Task
Find the line with "Produktverpackung mit Shampoo-Flasche." in the entries below, then reproduce it and every line after it down to and including the line with "Cooper Street Individually", exactly.

Data for the task
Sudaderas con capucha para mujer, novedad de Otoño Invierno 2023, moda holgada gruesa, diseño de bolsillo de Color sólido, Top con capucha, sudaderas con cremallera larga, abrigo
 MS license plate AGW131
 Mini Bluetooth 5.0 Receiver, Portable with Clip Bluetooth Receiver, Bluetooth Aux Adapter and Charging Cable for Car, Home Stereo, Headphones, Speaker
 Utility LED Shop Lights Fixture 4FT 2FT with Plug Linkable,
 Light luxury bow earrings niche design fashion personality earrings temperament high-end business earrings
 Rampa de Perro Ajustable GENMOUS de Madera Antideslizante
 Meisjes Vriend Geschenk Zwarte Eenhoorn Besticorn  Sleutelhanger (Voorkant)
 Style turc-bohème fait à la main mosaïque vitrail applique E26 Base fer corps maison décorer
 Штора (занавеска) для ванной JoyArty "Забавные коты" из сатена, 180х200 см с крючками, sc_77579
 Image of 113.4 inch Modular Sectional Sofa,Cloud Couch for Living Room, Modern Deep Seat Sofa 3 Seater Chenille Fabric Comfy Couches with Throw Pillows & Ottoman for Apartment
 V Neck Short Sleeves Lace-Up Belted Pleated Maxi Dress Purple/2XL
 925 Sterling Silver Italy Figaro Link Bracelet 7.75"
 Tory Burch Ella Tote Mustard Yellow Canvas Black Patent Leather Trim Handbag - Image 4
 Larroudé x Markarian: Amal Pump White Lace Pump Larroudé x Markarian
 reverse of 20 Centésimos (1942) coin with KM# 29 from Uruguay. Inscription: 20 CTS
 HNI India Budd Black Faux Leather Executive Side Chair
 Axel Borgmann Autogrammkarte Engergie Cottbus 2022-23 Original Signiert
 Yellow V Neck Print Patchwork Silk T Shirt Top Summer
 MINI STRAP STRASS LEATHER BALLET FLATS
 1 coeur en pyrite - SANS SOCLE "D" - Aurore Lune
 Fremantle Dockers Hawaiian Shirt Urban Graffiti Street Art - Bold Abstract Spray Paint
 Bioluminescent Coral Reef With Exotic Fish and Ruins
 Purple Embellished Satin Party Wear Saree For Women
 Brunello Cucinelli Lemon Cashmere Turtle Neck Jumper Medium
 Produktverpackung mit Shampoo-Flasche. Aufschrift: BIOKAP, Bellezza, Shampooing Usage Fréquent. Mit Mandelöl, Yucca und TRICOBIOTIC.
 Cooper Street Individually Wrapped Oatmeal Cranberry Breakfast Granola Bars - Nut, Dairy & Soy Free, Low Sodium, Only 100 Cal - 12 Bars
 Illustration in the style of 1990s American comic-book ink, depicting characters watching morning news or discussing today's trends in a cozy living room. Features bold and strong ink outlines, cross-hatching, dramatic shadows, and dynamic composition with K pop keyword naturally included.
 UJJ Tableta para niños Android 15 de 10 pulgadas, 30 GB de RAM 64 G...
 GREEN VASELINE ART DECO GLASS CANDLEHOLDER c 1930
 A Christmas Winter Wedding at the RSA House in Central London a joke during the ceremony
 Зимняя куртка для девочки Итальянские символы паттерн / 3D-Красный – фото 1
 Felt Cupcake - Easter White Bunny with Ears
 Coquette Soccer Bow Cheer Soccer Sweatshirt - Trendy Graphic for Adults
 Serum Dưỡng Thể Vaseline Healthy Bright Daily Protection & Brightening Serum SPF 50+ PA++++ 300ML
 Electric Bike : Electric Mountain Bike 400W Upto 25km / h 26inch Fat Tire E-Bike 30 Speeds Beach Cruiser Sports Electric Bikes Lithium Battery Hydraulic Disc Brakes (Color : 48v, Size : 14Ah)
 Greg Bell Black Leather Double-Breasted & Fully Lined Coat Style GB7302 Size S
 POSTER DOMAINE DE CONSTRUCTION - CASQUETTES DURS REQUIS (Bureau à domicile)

Your response
 Produktverpackung mit Shampoo-Flasche. Aufschrift: BIOKAP, Bellezza, Shampooing Usage Fréquent. Mit Mandelöl, Yucca und TRICOBIOTIC.
 Cooper Street Individually Wrapped Oatmeal Cranberry Breakfast Granola Bars - Nut, Dairy & Soy Free, Low Sodium, Only 100 Cal - 12 Bars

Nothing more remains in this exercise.